After completing this lesson, you will be able to state the distributive property and apply it to various types of problems. You will also be able to accurately perform the mathematical operations that are involved with the distributive property.

We also recommend watching Logarithmic Properties and What Are the Five Main Exponent Properties?


The distribution property involves the operations of multiplication and addition or multiplication and subtraction. When we use the distributive property, we are multiplying each term inside the parentheses with the term outside of the parentheses. The distributive property, which is displayed below, holds true for all real numbers a, b, and c. Also notice that, if you view the formula in the opposite direction, we are just taking out the common factor of a.

Distributive Property
distributive property


Let's start with a simple application in arithmetic:

5(3 + 5)

Using the distributive property, we simplify as follows:

5(3) + 5(5) = 15 + 25 = 40

Of course, we would normally add 3 and 5 first and then multiply 5 by 8 to get the same answer. But this basic example allows us to demonstrate the distributive property before we get into more complex problems.

The distributive property can also help when you need to calculate equations using mental math, making some numbers easier to work with. Let's say that you purchased three sandwiches at a local eatery for $5.85 each, including tax; however, you are not sure if you have enough money to pay the check. You can think of $5.85 as $6 - $.15. Then think of the problem as follows:

3(5.85) = 3(6 - .15) = 3(6) - 3(.15) = 18 - .45 = 17.55

Applications in Algebraic Expressions

We can also use the distributive property with variables. Let's simplify the following equation:

7(2x + 7) - 11x

7(2x) + 7(7) - 11x (applying distributive property)

14x + 49 - 11x (simplifying)

3x + 49 (combining like terms)

We also use the distributive property when we multiply two binomials. When we multiply two binomials, we are actually using the distributive property twice. This is commonly referred to as foiling, especially when multiplying the factors of a quadratic equation, as in this example:

(2x + 3)(x - 5)

2x(x - 5) + 3(x - 5) (rewriting expression)

2x(x) - 2x(5) + 3(x) - 3(5) (applying distributive property)

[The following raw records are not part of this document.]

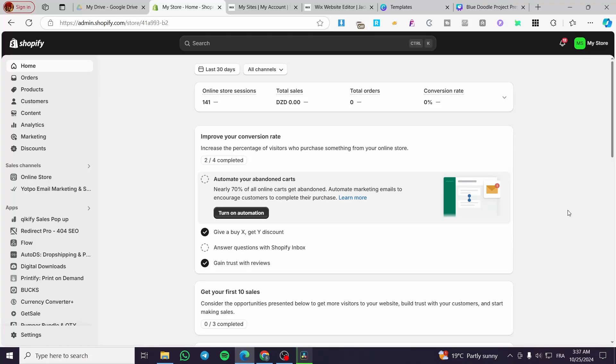How to combine multiple discounts on Shopify. Hello guys, and welcome to this new tutorial. Today, I'm going to show you how you can create a Shopify discount and also combine it with other Shopify discounts that you have.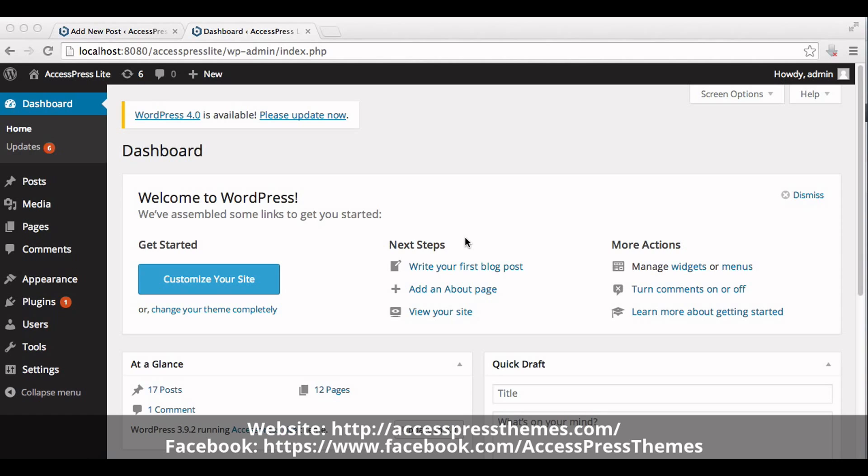Hello everyone, I'm Rusha from AccessPress Themes. Today I'll show you how to create a gallery section in the home page of AccessPress Light Theme. First, go to your WordPress dashboard.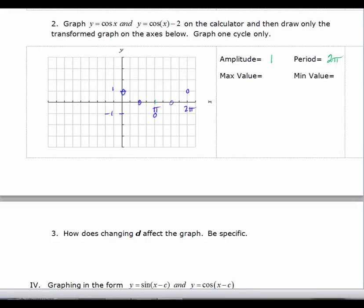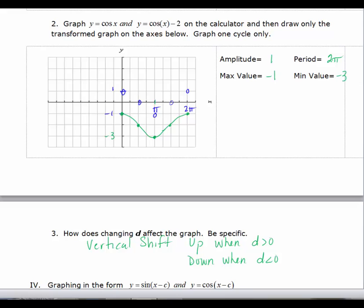For y equals cosine x minus 2, I'm going to shift all of those points down 2. My new graph has the same shape and the same period, but my maximum value is now negative 1, which makes sense because you take the original maximum of 1 and subtract 2. My minimum value is now negative 3 — the original minimum was negative 1, and I subtracted 2 from that. So when we answer how does changing the value of D affect the graph: you get a vertical shift — up when D is greater than 0, and down when D is less than 0.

2x^2 - 10x + 3x - 15 (simplifying)

2x^2 - 7x - 15 (combining like terms)

The Distributive Property and Changing Signs

Be careful when you have a negative sign as part of an expression. For instance the expression -(x - 4) really means that we are distributing a (-1) to both the x and the 4 as follows:

-1(x) - (-1)(4) = -x + 4

Make sure that you distribute the negative sign to each term within the parentheses as shown in Figure 1:

Figure 1
negative sign

Let's simplify the following example:

5(4x - 7) - 4(-3x + 8)

5(4x) - 5(7) - 4(-3x) - 4(8) (applying distribute property)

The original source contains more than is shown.